What you will do. Begin at the line below that has "network hub vector". Stop after the line that has "- Glass Tile", repeating each line exactly and leaving out the pictures.

Study material.

* * * * * * * * *

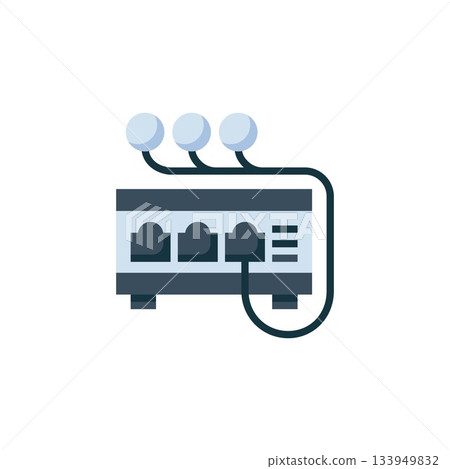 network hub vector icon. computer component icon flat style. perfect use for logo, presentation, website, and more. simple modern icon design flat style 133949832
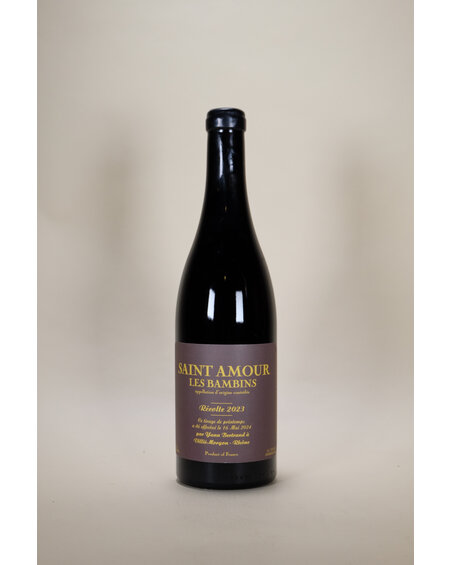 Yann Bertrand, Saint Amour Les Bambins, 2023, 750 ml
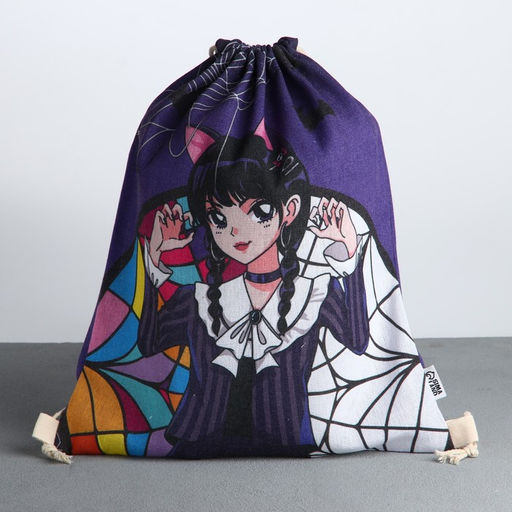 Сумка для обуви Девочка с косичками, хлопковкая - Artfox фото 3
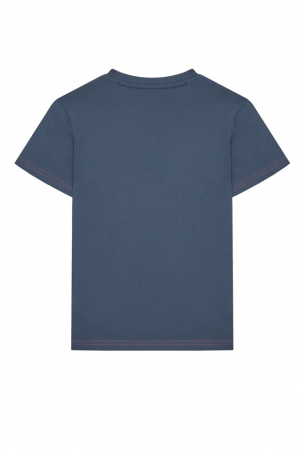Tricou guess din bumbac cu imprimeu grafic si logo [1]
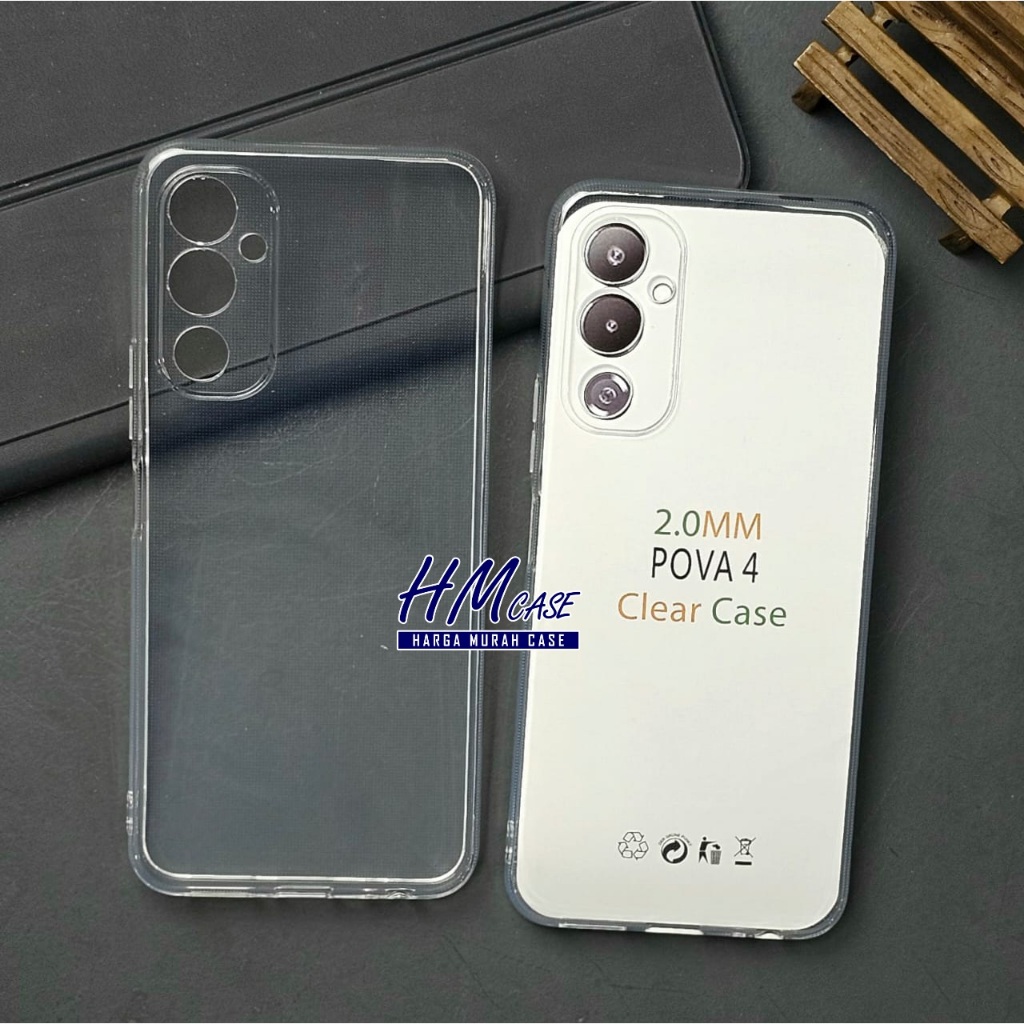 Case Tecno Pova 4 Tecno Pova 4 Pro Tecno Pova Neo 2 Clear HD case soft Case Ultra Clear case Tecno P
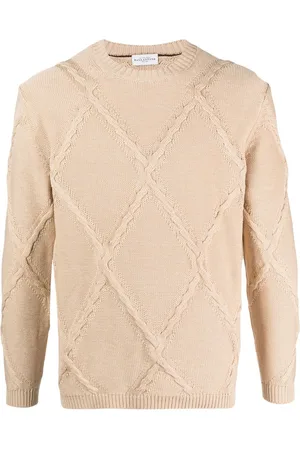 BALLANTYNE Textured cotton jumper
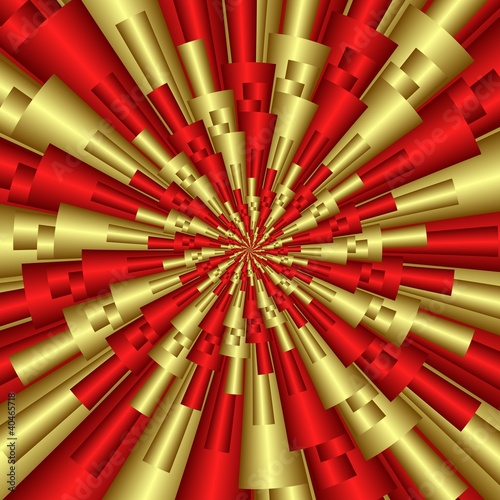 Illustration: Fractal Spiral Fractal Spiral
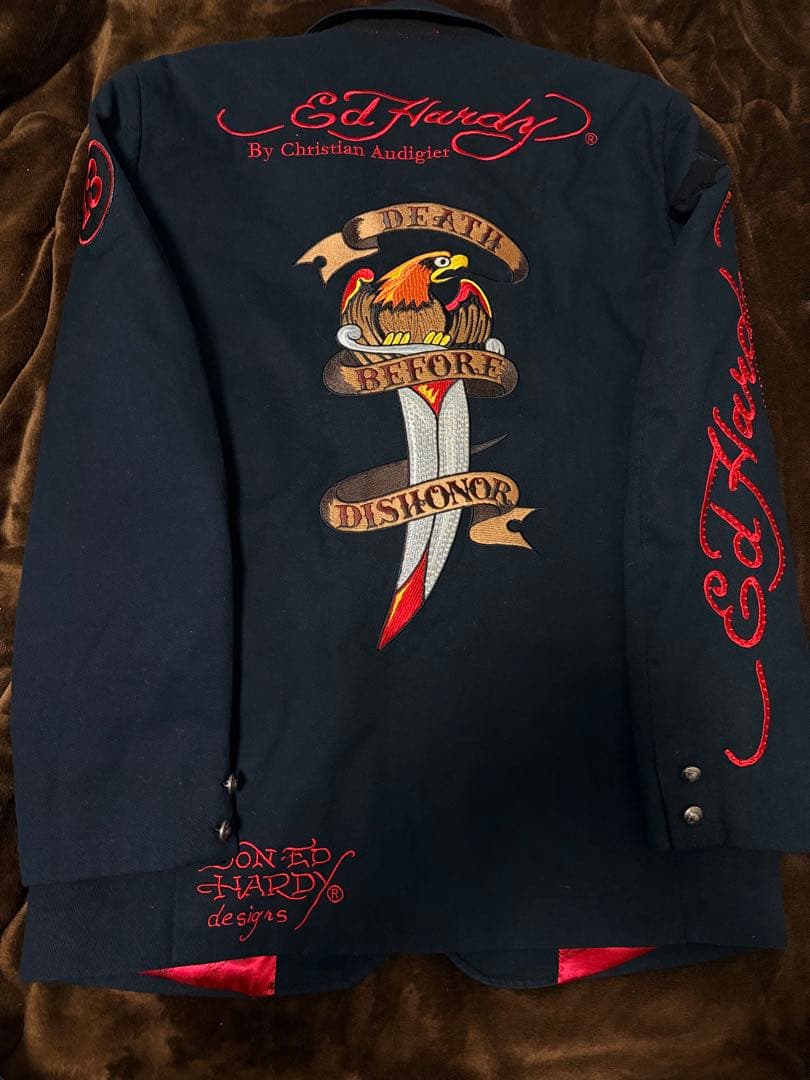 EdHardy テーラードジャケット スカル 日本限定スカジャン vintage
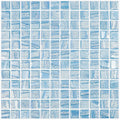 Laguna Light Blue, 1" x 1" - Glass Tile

* * * * * * * * *

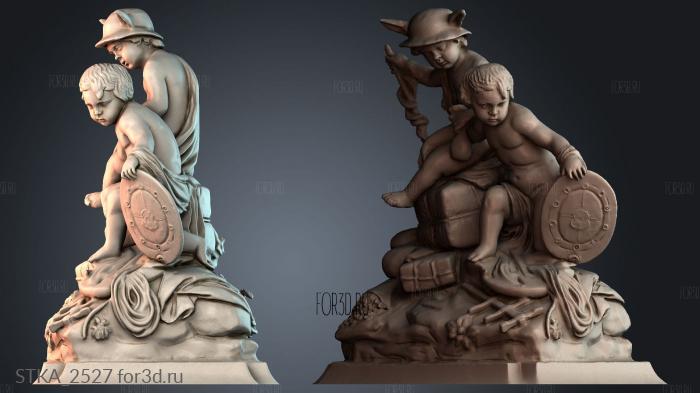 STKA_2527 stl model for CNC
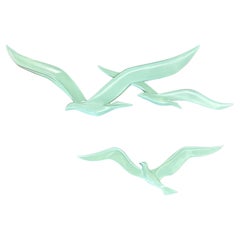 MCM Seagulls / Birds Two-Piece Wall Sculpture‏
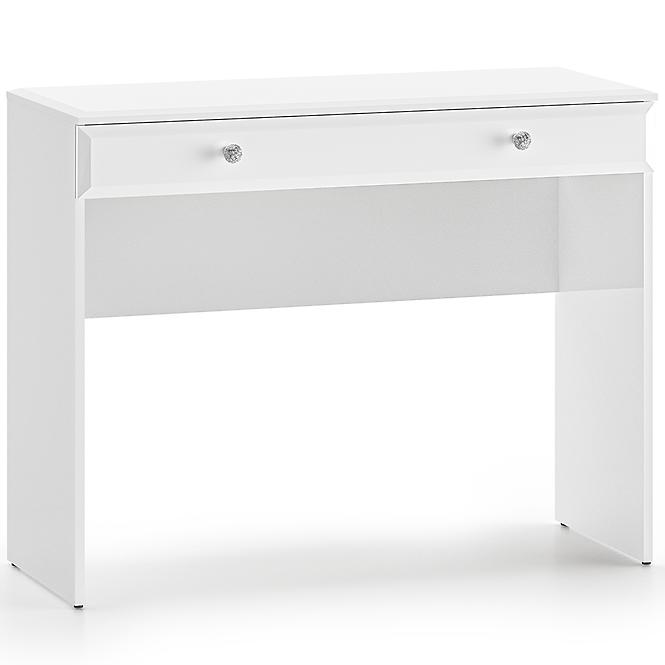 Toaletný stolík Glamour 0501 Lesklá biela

* * * * * * * * *

Reply to the task.
 network hub vector icon. computer component icon flat style. perfect use for logo, presentation, website, and more. simple modern icon design flat style 133949832
 Yann Bertrand, Saint Amour Les Bambins, 2023, 750 ml
 Сумка для обуви Девочка с косичками, хлопковкая - Artfox фото 3
Tricou guess din bumbac cu imprimeu grafic si logo [1]
 Case Tecno Pova 4 Tecno Pova 4 Pro Tecno Pova Neo 2 Clear HD case soft Case Ultra Clear case Tecno P
 BALLANTYNE Textured cotton jumper
 Illustration: Fractal Spiral Fractal Spiral
 EdHardy テーラードジャケット スカル 日本限定スカジャン vintage
 Laguna Light Blue, 1" x 1" - Glass Tile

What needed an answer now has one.